- Genre: Psychological thriller
- Created by: James Wood
- Written by: James Wood
- Directed by: Mike Barker; Leonora Lonsdale;
- Starring: Jack Whitehall; Carice van Houten; Christine Adams; Raza Jaffrey; David Duchovny;
- Country of origin: United Kingdom
- Original language: English
- No. of series: 1
- No. of episodes: 6

Production
- Executive producers: Mike Barker; Tim Hincks; James Wood; Imogen Cooper;
- Producer: Georgina Love
- Running time: 46–52 minutes
- Production companies: Expectation Entertainment; Tailspin Films; Amazon MGM Studios;

Original release
- Network: Amazon Prime Video
- Release: 14 November 2025

= Malice (TV series) =

2025 British television series

Malice is a British psychological thriller television series created by James Wood for Amazon Prime Video, starring David Duchovny, Carice van Houten and Jack Whitehall. The series premiered on 14 November 2025.

==Premise==
A tutor commences work for a wealthy family but his intentions may not be pure.

==Cast==
===Main===
- Jack Whitehall as Adam Healey
- Carice van Houten as Nat Tanner, Jamie's wife
- Christine Adams as Jules, Nat’s best friend
- Raza Jaffrey as Damien, Jules’ husband
- David Duchovny as Jamie Tanner

===Recurring===
- Harry Gilby as Kit Tanner
- Teddie Allen as April Tanner
- Phoenix Laroche as Dexter Tanner
- Gloria Garcia as Niki Delgago
- Rianna Kellman as Harper
- Jade Khan as Milly
- Charlotte Riley as Sophie
- Anna Wilson-Jones as Rachel

==Episodes==

| No. | Title | Directed by | Written by | Original release date |
|---|---|---|---|---|
| 1 | "Episode 1" | Mike Barker | James Wood | 14 November 2025 |
| 2 | "Episode 2" | Mike Barker | James Wood | 14 November 2025 |
| 3 | "Episode 3" | Mike Barker | James Wood | 14 November 2025 |
| 4 | "Episode 4" | Leonora Lonsdale | James Wood | 14 November 2025 |
| 5 | "Episode 5" | Leonora Lonsdale | James Wood | 14 November 2025 |
| 6 | "Episode 6" | Mike Barker | James Wood | 14 November 2025 |

==Production==
The series is created, written and executive produced by James Wood. It is a co-production between Expectation Entertainment and Tailspin Films for Amazon Prime Video.

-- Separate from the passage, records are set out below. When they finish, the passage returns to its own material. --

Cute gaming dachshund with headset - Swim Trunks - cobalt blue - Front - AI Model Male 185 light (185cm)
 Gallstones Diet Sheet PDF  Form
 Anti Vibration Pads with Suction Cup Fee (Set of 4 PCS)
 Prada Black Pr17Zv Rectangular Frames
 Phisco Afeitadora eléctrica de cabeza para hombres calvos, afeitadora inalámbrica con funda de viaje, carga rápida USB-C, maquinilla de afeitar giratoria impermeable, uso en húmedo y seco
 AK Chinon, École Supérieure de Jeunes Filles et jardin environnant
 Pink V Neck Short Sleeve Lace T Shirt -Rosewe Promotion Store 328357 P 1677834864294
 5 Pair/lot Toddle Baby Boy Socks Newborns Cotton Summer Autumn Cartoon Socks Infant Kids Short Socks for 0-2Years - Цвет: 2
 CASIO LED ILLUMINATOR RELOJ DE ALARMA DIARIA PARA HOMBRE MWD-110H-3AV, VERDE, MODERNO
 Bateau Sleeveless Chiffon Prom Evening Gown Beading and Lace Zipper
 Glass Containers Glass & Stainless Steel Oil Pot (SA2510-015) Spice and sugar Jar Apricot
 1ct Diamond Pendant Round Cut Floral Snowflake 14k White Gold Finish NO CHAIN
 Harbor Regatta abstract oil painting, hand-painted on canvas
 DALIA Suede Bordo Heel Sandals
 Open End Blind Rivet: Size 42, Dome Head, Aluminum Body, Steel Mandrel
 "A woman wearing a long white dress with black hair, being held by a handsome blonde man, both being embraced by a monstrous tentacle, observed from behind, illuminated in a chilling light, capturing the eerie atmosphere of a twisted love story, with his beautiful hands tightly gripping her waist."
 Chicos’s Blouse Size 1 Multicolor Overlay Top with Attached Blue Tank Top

Filming took place over 18 weeks, starting in London in February 2024 and also taking place in Paros, and was completed in July 2024.

The cast is led by Jack Whitehall with David Duchovny and Carice van Houten. The younger cast includes Harry Gilby, Teddie Allen and Phoenix Laroche.

== Release ==
The series premiered with all six episodes on 14 November 2025.

== Reception ==
The series holds a 48% approval rating on review aggregator Rotten Tomatoes, based on 21 critic reviews. The website's critics consensus reads, "Severely lacking narrative momentum, this latest eat-the-rich caper only manages to strand its audience at sea with Malice." However, Lucy Mangan in The Guardian praised the show as "The White Lotus meets The Talented Mr Ripley... a great ride, and Whitehall acquits himself well in his first lead dramatic role".